Thanks to Jr. Skulker Bob Bernay for telling us about this.

These made WebSkulker laugh

Two funnies submitted by Jr. Skulker Marvelena Quesada

Cat cartoon:


Despite the best efforts of job candidates, strategic and typographical errors often skulk into resumes. Job-seekers sometimes scuttle any hope they have of impressing a boss by inadvertently inserting bone-headed bloopers into their application statements. Here are some humorous errors collected by personnel directors: 

I have an obsession for detail. I like to make sure that I cross my i's and dot my t's. 

Here are my qualifications for you to overlook. 

My career objection is . . . 

Operated Pitney Bones machine. 

I am experienced in private relations. 

I am skilled in proolreading. 

Thank you for your consideration. Hope to hear from you shorty. 

I am a computer genius skilled at Word Purpose and Locust skills. 

I am a rabid typist. 

I had operated a frocklift in a whorehouse. 

My intensity and focus are at inordinately high levels, and my ability to complete projects on time is unspeakable. 

Performed duties such as filing, typing, data entry, coping and answering phones. 

After receiving advice from several different angels, I have decided to pursue a new line of work. 

Accounting cleric. 

As indicted, I have over five years of analyzing investments. 

Left job to ruin family business. 

I have lurnt WordPerfect 6.0 computor and spreadsheat progroms. 

Received a plague for Salesperson of the Year. 

Reason for leaving last job: Maturity leave. 

Wholly responsible for two (2) failed financial institutions. 

Failed bar exam with relatively high grades. 

It's best for employers that I not work with people. 

Let's meet, so you can "ooh" and "aah" over my experience. 

You will want me to be Head Honcho in no time. 

Am a perfectionist and rarely if if ever forget details. 

I was working for my mom until she decided to move. 

I have an excellent track record, although I am not a horse. 

My goal is to be a meteorologist. But since I possess no training in meteorology, I suppose I should try stock brokerage. 

I procrastinate, especially when the task is unpleasant. 

Personal interests: donating blood.
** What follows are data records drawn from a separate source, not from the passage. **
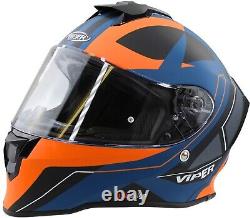 Motorcycle Full Face Helmet Viper RS55 Orange Scooter Crash Motorbike Helmets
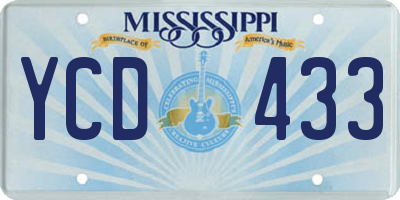 MS license plate YCD433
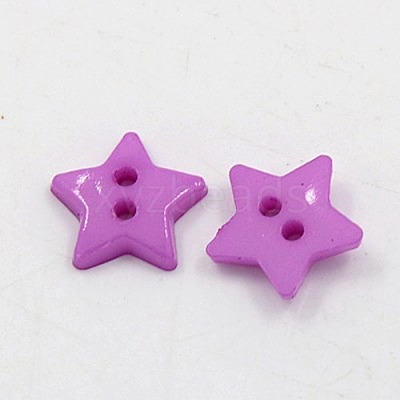 2-Hole Acrylic Star 12MM Sweater Kids Clothes Findings X-BUTT-E053-03-1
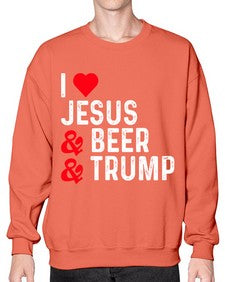 i love jesus beer and trump 1140# - beer- Sweatshirt - Crew
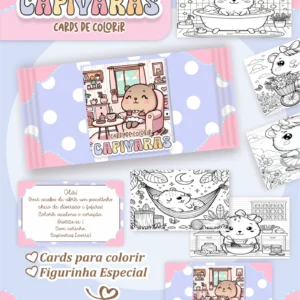 Arquivo Digital CARDS DE COLORIR -  CAPIVARA MENINA 01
Fourteen gallons so far. 

Note: Please don't misconstrue my 14 jobs as "job-hopping." I have never quit a job. 

Reason for leaving last job: They insisted that all employees get to work by 
8:45 every morning. Could not work under those conditions. 

The company made me a scapegoat, just like my three previous employers. 
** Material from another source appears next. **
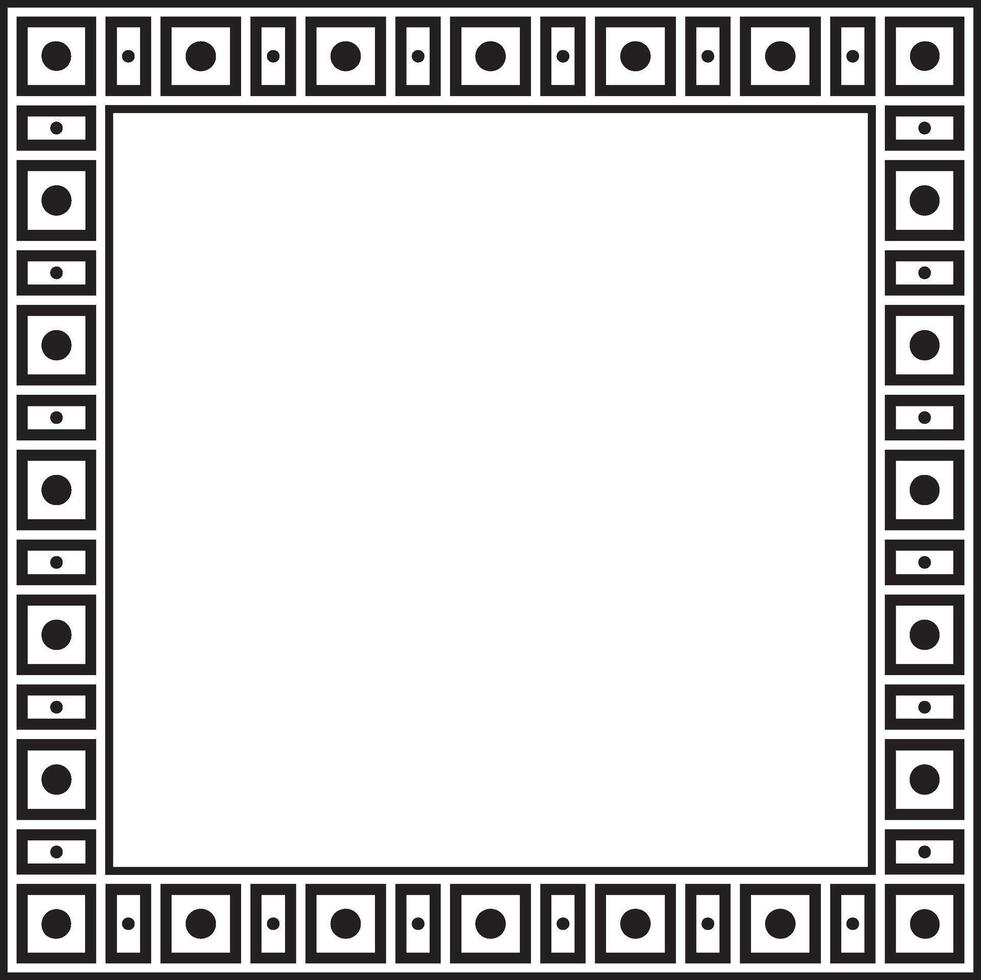 monochrome native american folk ornament. Square border, frame of the peoples of America, Aztec, Incas, Maya vector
Finished eighth in my class of ten. 

Instrumental in ruining entire operation for a Midwest chain store. 

Proven ability to track down and correct erors. 

I have become completely paranoid, trusting completely nothing and absolutely no one. 
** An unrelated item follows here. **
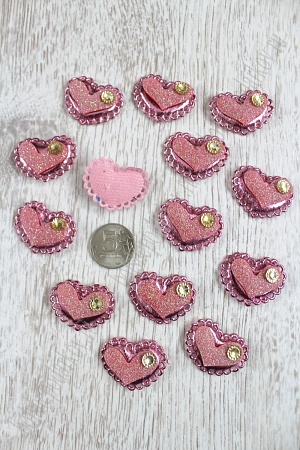 Патч 3D, с декором &quot;Сердце&quot; 3,7*2,5 см (20 шт) SF-1544, розовый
Disposed of $2.5 billion in assets. 

Don't take the comments of my former employer too seriously, they were unappreciative beggars and slave drivers. 

Marital status: often. Children: various. 

Personal: Married, 1992 Chevrolet. 

Personal interests: Donating blood. 15 gallons so far. 

Education: Curses in liberal arts, curses in computer science, curses in accounting. 

Strengths: Ability to meet deadlines while maintaining composer. 

Qualifications: No education or experience. 

Accomplishments: Oversight of entire department. 

Extensive background in accounting. I can also stand on my head!